The CPA, or U.S.-run Coalition Provisional Authority, was derided as Can't Produce Anything. In a matter of months, the AO—area of operations—was unstable.
The pace and scope of attacks grew exponentially. Targets came to include foreign journalists and the Iraqis working with them. Two of the Iraqi friends at my birthday party were shot to death at point-blank range as they drove home one spring night.
Two weeks later, American soldiers opened fire on the third friend, an Iraqi television reporter who was speeding to the scene of a mortar attack. His last gasps were broadcast on live TV. I couldn't work for weeks.
The fourth friend fled Iraq after receiving death threats.
So far, we've been lucky at Knight Ridder in escaping death or serious injury. Our American and Iraqi correspondents have been shot at countless times, attacked by knife-wielding rebels and bruised by stones lobbed from angry mobs. They've been trampled by riotous demonstrators, arrested by a renegade police force, taken hostage by militiamen and burned by red-hot shrapnel.
After one bombing, a young boy shoved a severed hand in my face. Another time, I used a tissue to pick shreds of human flesh off my shoes after covering a car bombing. Gagging, I gave up and pushed the sneakers deep into the trash.
As the close calls grew, the Iraq we knew shrank. The northern mountains and southern marshes are off-limits now because the roads out of Baghdad are lined with bombs and gunmen. Even a jaunt to the grocery store is a meticulously planned affair. Do you have a radio? A flak vest? A second car to watch for kidnappers?
Some of my colleagues have left, their blond hair and pale skin too inviting for militants out hunting foreigners. Other reporters plan to move inside the Green Zone, the American compound that "protects" you from the people you came to cover. Instead of gathering for card games, journalists meet to brainstorm ways to free kidnapped colleagues and trade the latest threat reports.
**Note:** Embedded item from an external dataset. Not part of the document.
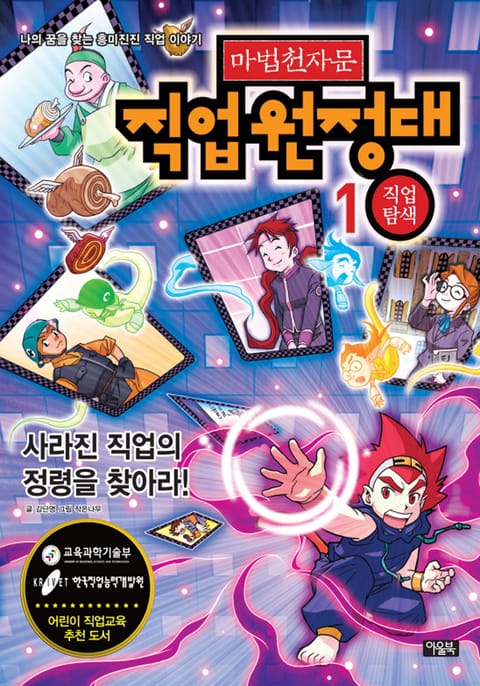 마법천자문 직업원정대 1 직업탐색 표지 이미지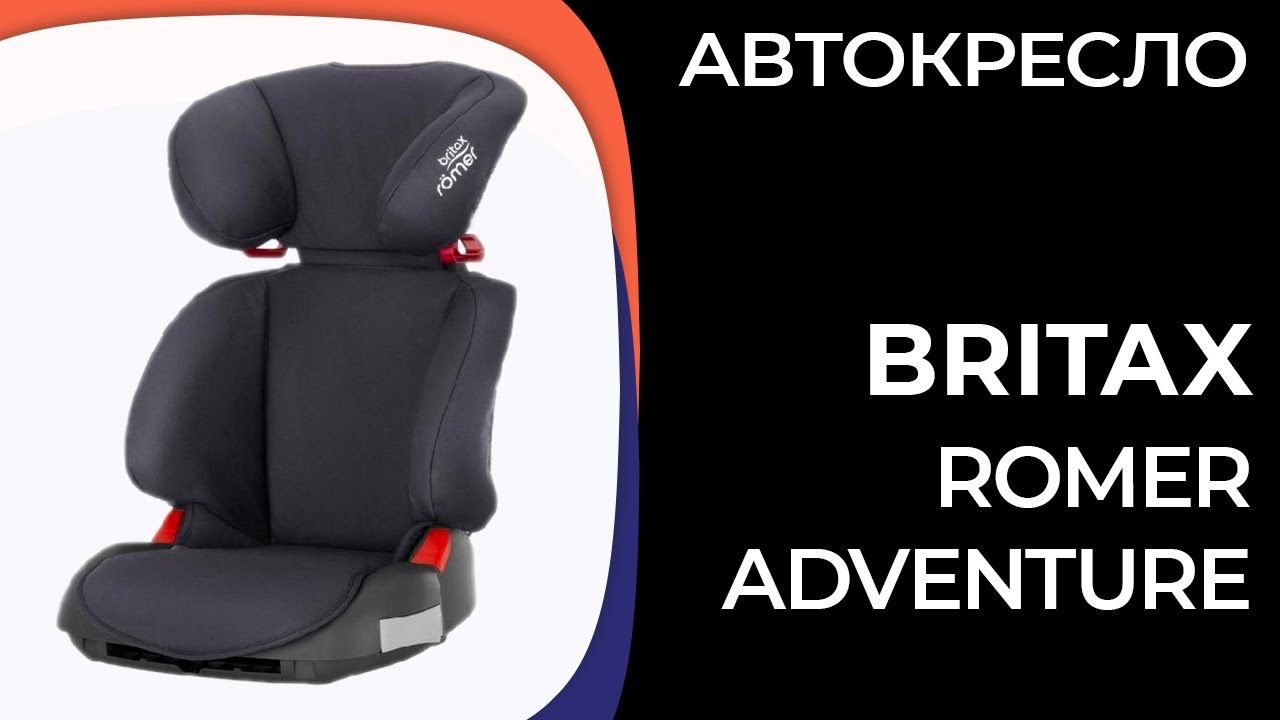 Детское автокресло Britax Romer Adventure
We rely more on our Iraqi staff members, courageous friends whose brown faces and local accents allow them to navigate the world outside the hotel walls. Many fledgling Iraqi correspondents have blossomed into excellent reporters and probably will remain in this nation's media long after the Western news corps has moved on. Maybe that's our contribution to rebuilding Iraq.
We added first-aid demonstrations to our morning planning meetings. After talk about an election story, for example, it's quiz time. How do you treat a friend's punctured lung? (Answer: Pierce the chest with a ballpoint pen.)
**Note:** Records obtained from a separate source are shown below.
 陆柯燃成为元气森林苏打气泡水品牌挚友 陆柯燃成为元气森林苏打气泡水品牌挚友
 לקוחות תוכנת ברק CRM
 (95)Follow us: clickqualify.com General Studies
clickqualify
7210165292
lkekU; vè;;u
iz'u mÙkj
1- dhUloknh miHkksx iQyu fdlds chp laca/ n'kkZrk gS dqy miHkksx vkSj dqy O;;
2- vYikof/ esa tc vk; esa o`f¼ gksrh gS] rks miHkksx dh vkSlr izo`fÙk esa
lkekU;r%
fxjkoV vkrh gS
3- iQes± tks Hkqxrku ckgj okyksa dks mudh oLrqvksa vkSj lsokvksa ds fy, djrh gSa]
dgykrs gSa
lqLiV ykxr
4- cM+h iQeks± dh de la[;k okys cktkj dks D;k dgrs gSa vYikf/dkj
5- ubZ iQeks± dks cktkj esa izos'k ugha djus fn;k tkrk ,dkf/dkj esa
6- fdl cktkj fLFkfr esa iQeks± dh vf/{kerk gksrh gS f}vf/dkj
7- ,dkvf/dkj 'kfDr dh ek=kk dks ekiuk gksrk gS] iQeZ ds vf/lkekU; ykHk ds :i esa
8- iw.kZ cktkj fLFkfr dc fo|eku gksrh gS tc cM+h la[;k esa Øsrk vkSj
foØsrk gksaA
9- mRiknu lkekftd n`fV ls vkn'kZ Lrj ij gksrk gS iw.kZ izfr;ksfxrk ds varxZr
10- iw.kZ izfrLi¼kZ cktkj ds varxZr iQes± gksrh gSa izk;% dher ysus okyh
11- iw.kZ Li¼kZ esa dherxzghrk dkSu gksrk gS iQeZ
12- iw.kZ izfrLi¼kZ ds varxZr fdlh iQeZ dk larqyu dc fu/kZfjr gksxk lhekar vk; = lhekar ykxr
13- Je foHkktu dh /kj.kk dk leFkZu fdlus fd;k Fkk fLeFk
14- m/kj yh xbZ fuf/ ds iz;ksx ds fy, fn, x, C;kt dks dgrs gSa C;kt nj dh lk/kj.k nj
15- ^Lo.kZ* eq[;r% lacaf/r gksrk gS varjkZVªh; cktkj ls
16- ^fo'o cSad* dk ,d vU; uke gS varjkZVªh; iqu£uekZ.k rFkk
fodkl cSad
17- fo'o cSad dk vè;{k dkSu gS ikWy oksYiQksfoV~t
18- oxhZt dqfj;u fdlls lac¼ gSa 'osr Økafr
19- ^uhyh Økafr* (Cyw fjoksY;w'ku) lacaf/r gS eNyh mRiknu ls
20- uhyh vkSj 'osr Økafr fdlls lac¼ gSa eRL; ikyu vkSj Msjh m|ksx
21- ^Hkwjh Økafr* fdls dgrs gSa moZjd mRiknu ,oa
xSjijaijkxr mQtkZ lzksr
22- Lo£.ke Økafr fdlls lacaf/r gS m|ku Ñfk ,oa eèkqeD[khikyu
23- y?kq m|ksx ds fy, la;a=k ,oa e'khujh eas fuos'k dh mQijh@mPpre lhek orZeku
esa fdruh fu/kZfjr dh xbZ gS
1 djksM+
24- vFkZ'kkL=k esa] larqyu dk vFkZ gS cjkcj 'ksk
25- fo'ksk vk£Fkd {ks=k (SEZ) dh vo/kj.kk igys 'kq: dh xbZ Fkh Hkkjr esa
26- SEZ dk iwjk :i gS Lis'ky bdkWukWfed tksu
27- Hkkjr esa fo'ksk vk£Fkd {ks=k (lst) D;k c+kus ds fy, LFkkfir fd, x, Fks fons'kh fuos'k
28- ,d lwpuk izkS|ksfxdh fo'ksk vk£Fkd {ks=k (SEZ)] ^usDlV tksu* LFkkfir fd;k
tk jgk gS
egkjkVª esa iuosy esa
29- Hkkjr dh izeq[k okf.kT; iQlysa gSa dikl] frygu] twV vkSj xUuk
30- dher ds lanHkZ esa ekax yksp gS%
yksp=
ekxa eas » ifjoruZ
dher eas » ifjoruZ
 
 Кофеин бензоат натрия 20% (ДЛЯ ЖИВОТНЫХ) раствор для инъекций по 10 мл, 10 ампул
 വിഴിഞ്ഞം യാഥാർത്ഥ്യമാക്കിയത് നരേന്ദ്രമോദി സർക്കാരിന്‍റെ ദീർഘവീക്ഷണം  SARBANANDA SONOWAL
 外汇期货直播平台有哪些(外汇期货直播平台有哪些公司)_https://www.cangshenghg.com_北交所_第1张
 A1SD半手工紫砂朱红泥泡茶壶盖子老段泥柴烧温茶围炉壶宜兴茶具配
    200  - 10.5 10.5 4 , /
We rolled blast film across our windows, obscuring the view of Baghdad's minaret-speckled skyline. It keeps glass from shattering during a bombing. The fitness-conscious don heavy body armor and run up and down the hotel stairs for exercise. Soccer games and jogs along the Tigris are off-limits.
Knight Ridder hired a British security adviser who promptly walled off our floor with a security gate nicknamed "The Cage." He gives the staff daily safety reports and we impatiently cut him off before his trademark ending. We know, we know: "The threat level just can't get any higher."
My mother begs me to come home. Her Oklahoma accent sounds foreign from so far away as she tries to persuade me: "Darlin', there's not another thing in the world you can do over there. ... Enough is enough. ... There is no honor in having your head chopped off, no honor in dyin' that way."
But it feels too early to leave. American soldiers—138,000 of them—are still here. There are 26 million Iraqis desperately seeking security and elected leaders. A brutal dictator is awaiting trial. There are still so many stories to be told.
I just turned 27. With the war still raging and the heartbreaking absence of my four Iraqi friends, there seemed little to celebrate. Still, several journalist colleagues sent me inspirational messages laced with the gallows humor of our trade.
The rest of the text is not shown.